Compared to the previous solutions, json has the opposite problem: it only supports dicts (with string/number keys only), lists, strings, and a few other basic types.

But that's not that big of an issue as you may think, since the json module makes it really easy to support other types: we just have to convert them to something it already understands.

Let's start with datetimes:

def json_default(thing):
    if isinstance(thing, datetime):
        return thing.isoformat(timespec='microseconds')
    raise TypeError(f"object of type {type(thing).__name__} not serializable")
>>> json.dumps(datetime(1, 1, 1), default=json_default)
'"0001-01-01T00:00:00.000000"'

Dataclasses aren't much harder to add either, thanks to asdict(), which converts them to dicts and recurses into any nested dataclasses, dicts, lists and tuples along the way:

def json_default(thing):
    try:
        return dataclasses.asdict(thing)
    except TypeError:
        pass
    if isinstance(thing, datetime.datetime):
        return thing.isoformat(timespec='microseconds')
    raise TypeError(f"object of type {type(thing).__name__} not serializable")
>>> json.dumps(Entry('id', datetime(1, 1, 1), content=[Content('value')]), default=json_default)
'{"id": "id", "updated": "0001-01-01T00:00:00.000000", "content": [{"value": "value", "language": null}]}'

You may notice the dataclass type does not appear in the result, which for our use case is actually fine: dataclasses One(value=1) and Two(value=1) will both get converted to the dict {'value': 1}, resulting in the same hash. To make them different, we can include the type name:

>>> {'__type': type(thing).__name__, **asdict(thing)}
{'__type': 'Content', 'value': 1, 'language': None}

To ensure the output remains stable across Python versions, we'll force all of the dumps() default arguments to known values, and require it to sort dict keys:

def json_dumps(thing):
    return json.dumps(
        thing,
        default=json_default,
        ensure_ascii=False,
        sort_keys=True,
        indent=None,
        separators=(',', ':'),
    )

One more wrapper to hash the serialized value, and we're done:

def get_hash(thing):
    return hashlib.md5(json_dumps(thing).encode('utf-8')).digest()
>>> get_hash(Entry('id', datetime(1, 1, 1), content=[Content('value')])).hex()
'78b4b8120af5f832b7ecfc34db1fe02b'

Problem: we need to ignore empty values #

Say we have a dataclass like the following:

>>> @dataclass
... class Data:
...     value: int
...
>>> get_hash(Data(2)).hex()
'5d872de403edb944a7b10450eda2f46a'

Which in time evolves to get another attribute:

>>> @dataclass
... class Data:
...     value: int
...     another: str = None
...
>>> get_hash(Data(2)).hex()
'e54ad2c961239bd70da9a603cd078e18'

The old and new versions result in different dicts, so they have different hashes.

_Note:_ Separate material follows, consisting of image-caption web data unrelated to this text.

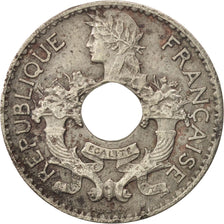 Moneta, FRANCUSKIE INDOCHINY, 5 Cents, 1939, Paris, VF(30-35), Mosiądz niklowy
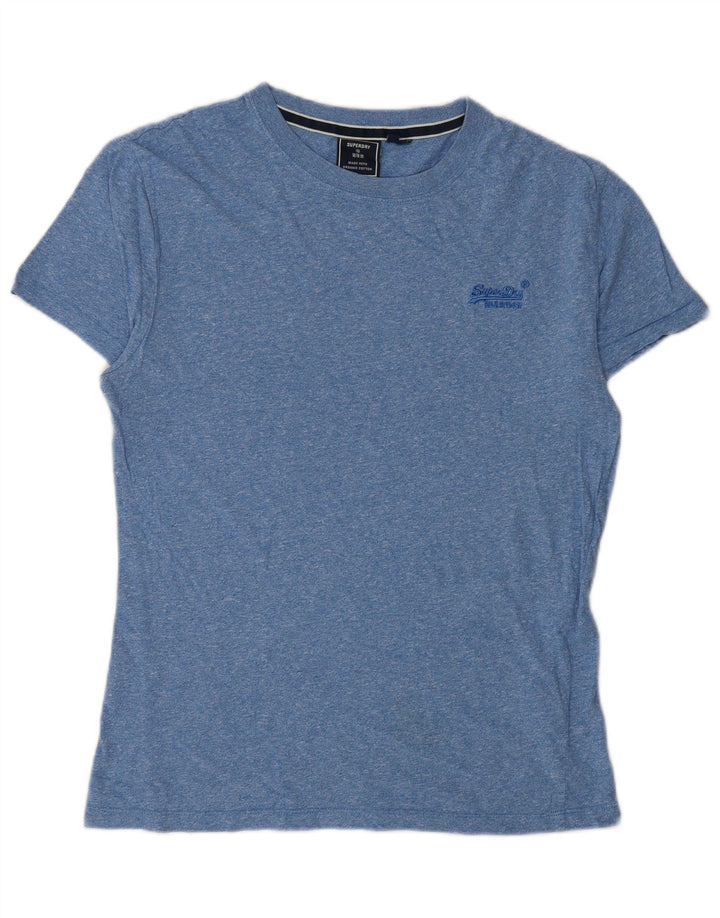 Camiseta masculina Superdry Top pequeno algodão azul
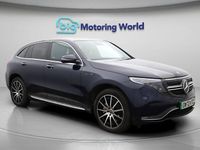 Used Mercedes EQC400 AMG line 300 kW (408 HP) 2022 Blue SUV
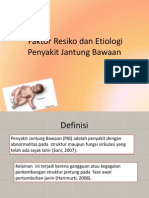 Faktor Resiko Dan Etiologi Penyakit Jantung Bawaan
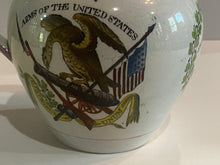 Load image into Gallery viewer, Staffordshire Arms of United States Free Trade and Sailors Rights Pitcher

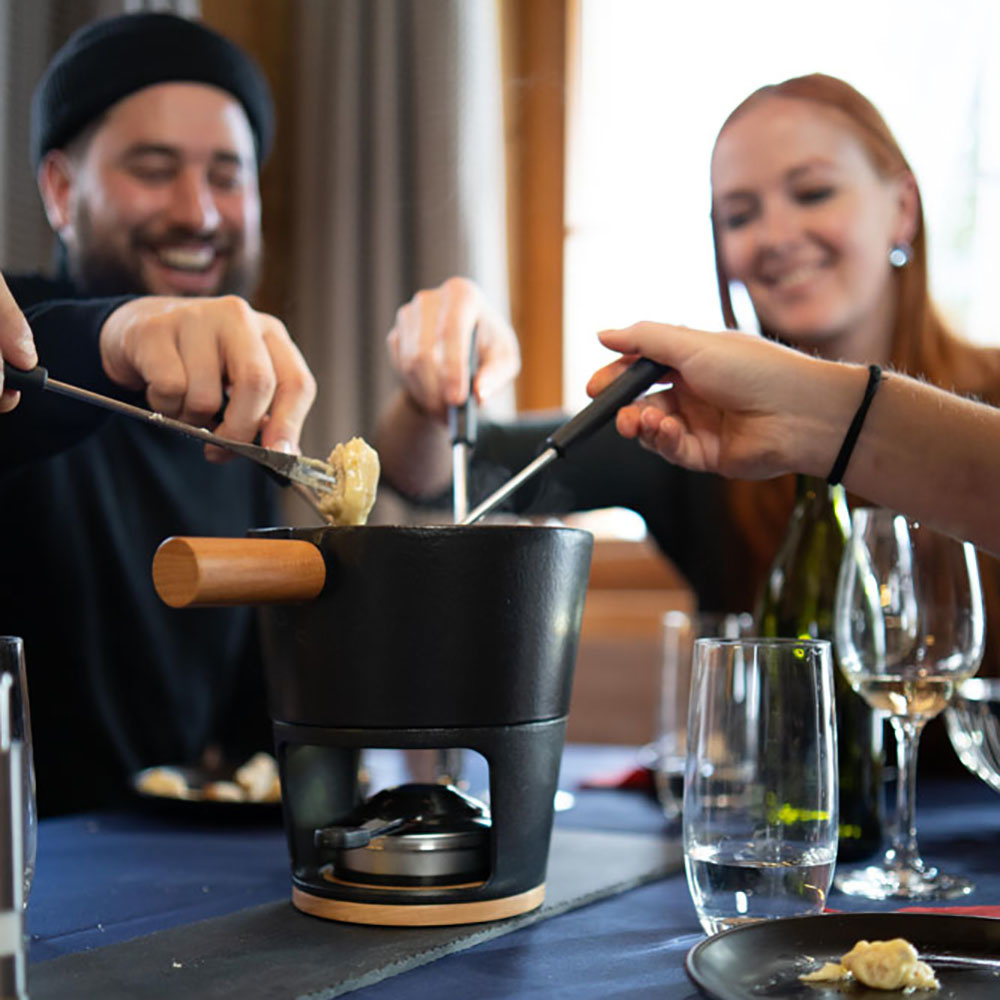 Käsefonduegarnitur Titlis Big 3,2l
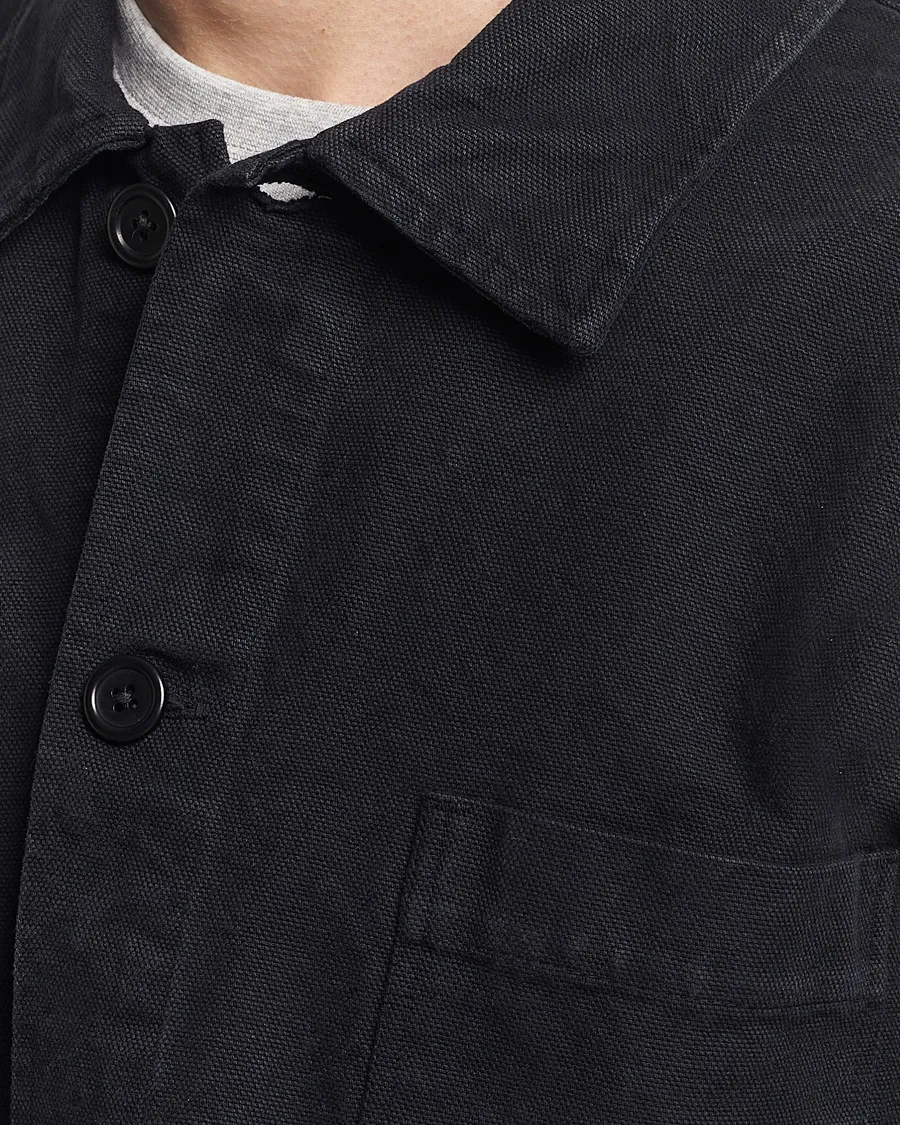 Organic Workwear Jacket Deep Black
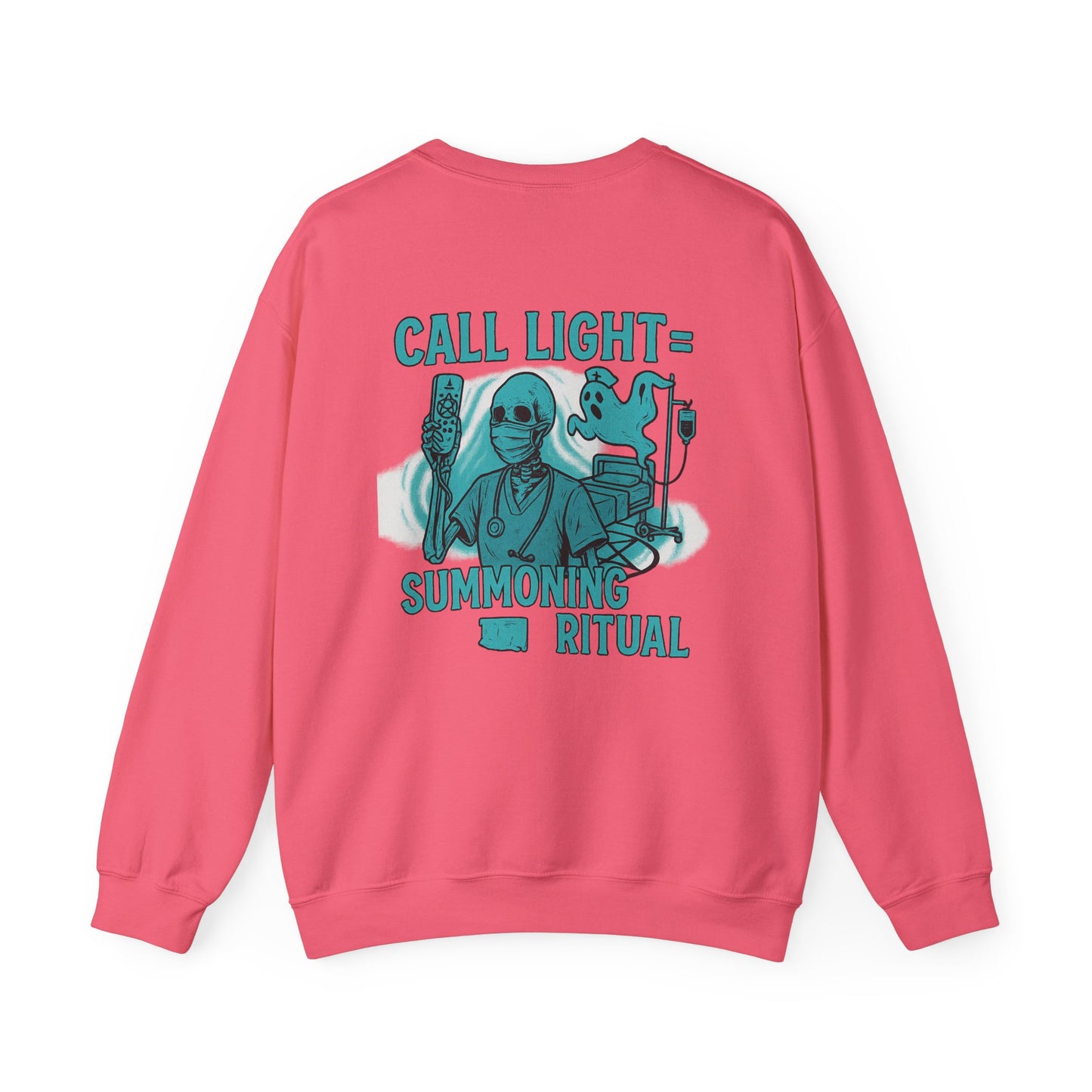 Spooky Summoning Ritual Sweatshirt, Unisex Crewneck, Halloween Apparel, Ghostly Gift, Cozy Casual Wear, Autumn Fashion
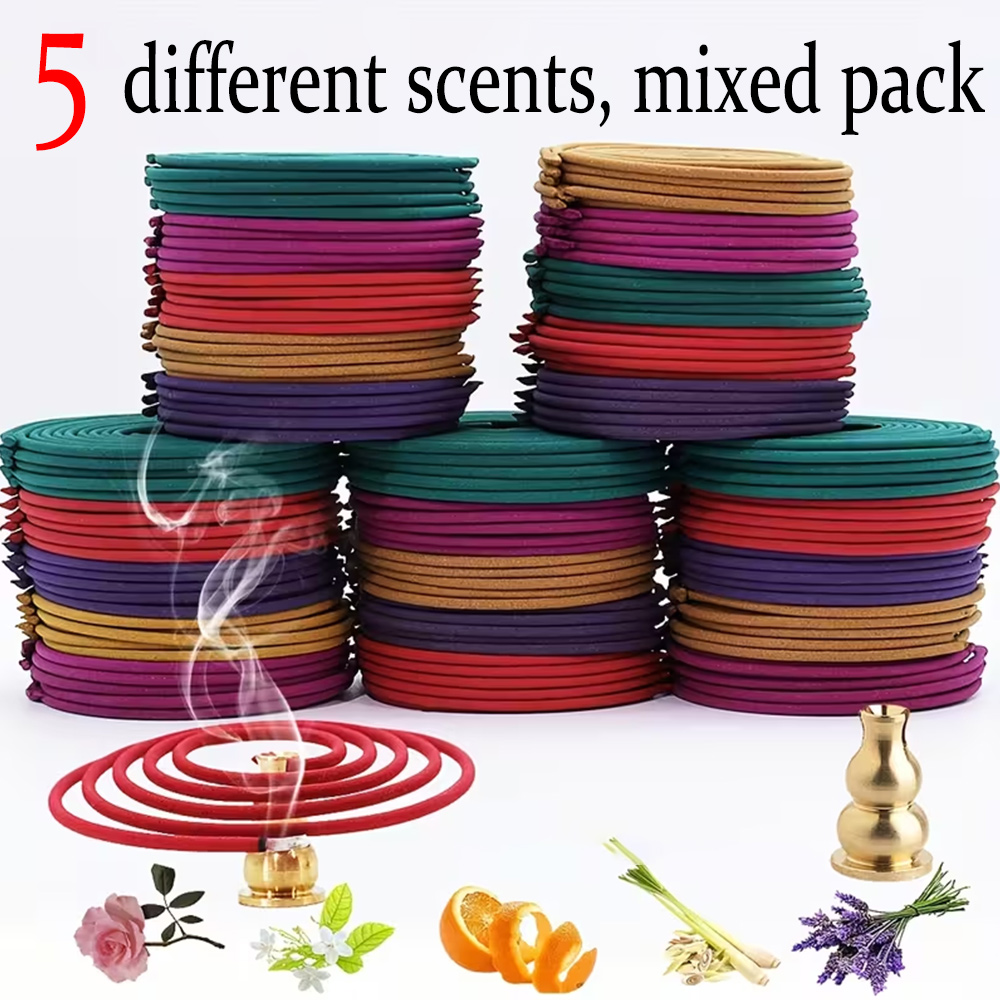 高品質クラシック螺旋香混合セット、6本入り。 直径3cmの手 - Home Fragrance Lavender のレビューと価格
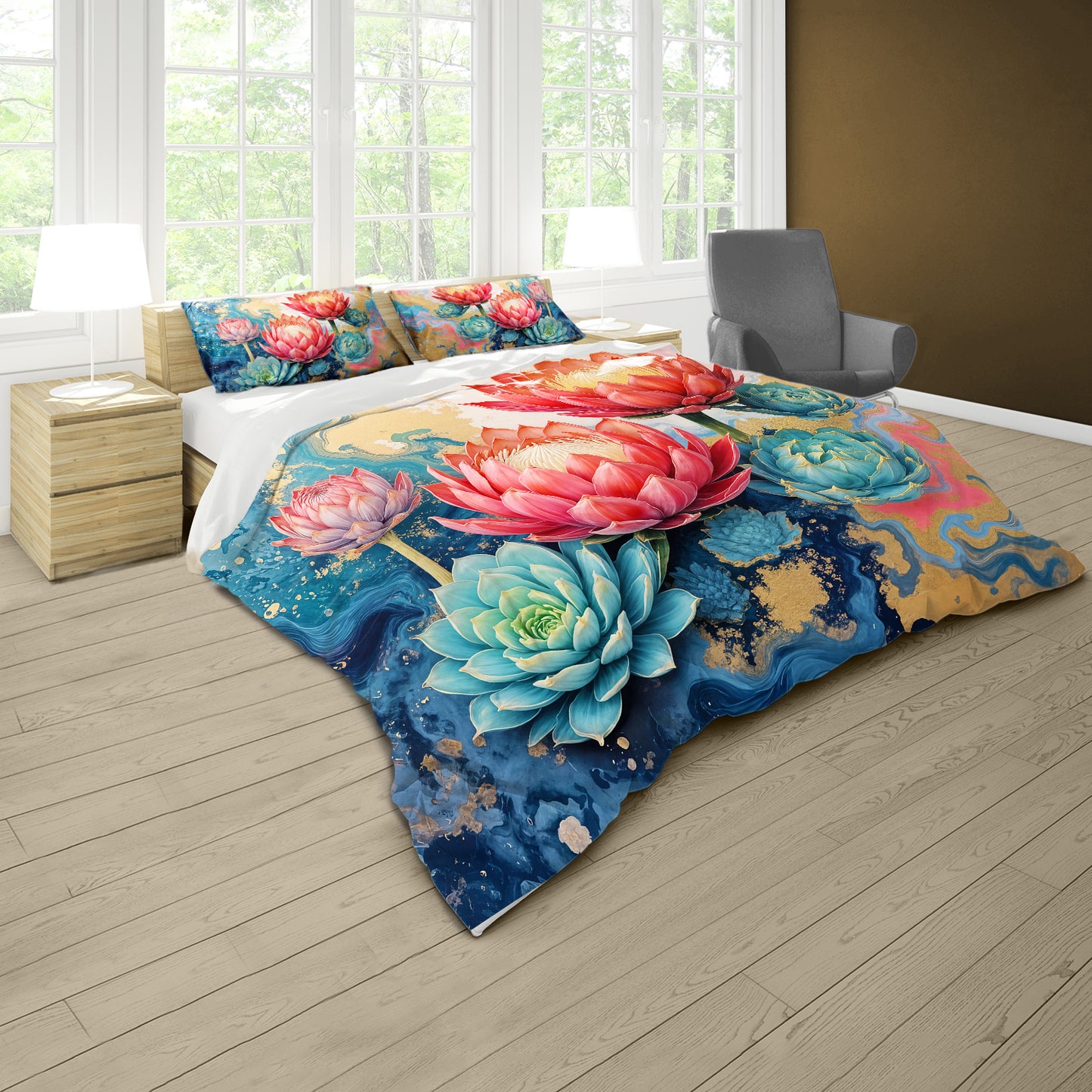 Protea & Succulent Daydream Duvet Cover Set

But should they? The only "real" data Data(2) contains is value=2. Likewise, there's not much of a difference in actual information between None and [] (for our use case, at least).

We can ignore "empty" values quite easily by using the asdict() dict_factory argument. I overlooked it initially, thinking it has to be a mapping class; it turns out any function that takes a key-value pair iterable works:

from collections.abc import Collection

def dict_drop_empty(pairs):
    return dict(
        (k, v)
        for k, v in pairs
        if not (
            v is None
            or not v and isinstance(v, Collection)
        )
    )

def json_default(thing):
    try:
        return dataclasses.asdict(thing, dict_factory=dict_drop_empty)
    # ...

We now get the same hash as for the first version of the object:

>>> Data(2)
Data(value=2, another=None)
>>> get_hash(Data(2)).hex()
'5d872de403edb944a7b10450eda2f46a'

Note that we are specific about the falsy values we ignore: an empty string, list, or dict are empty, but 0 or False are not.

collections.abc provides abstract base classes that can be used to test whether a class provides a particular interface, without requiring it to subclass anything.

isinstance(v, (str, tuple, list, dict)) works in our example, but isinstance(v, Collection) checks for other collections we may have failed to think about that don't inherit from them; for example: sets, deques, numpy arrays, and even ones that don't exist yet.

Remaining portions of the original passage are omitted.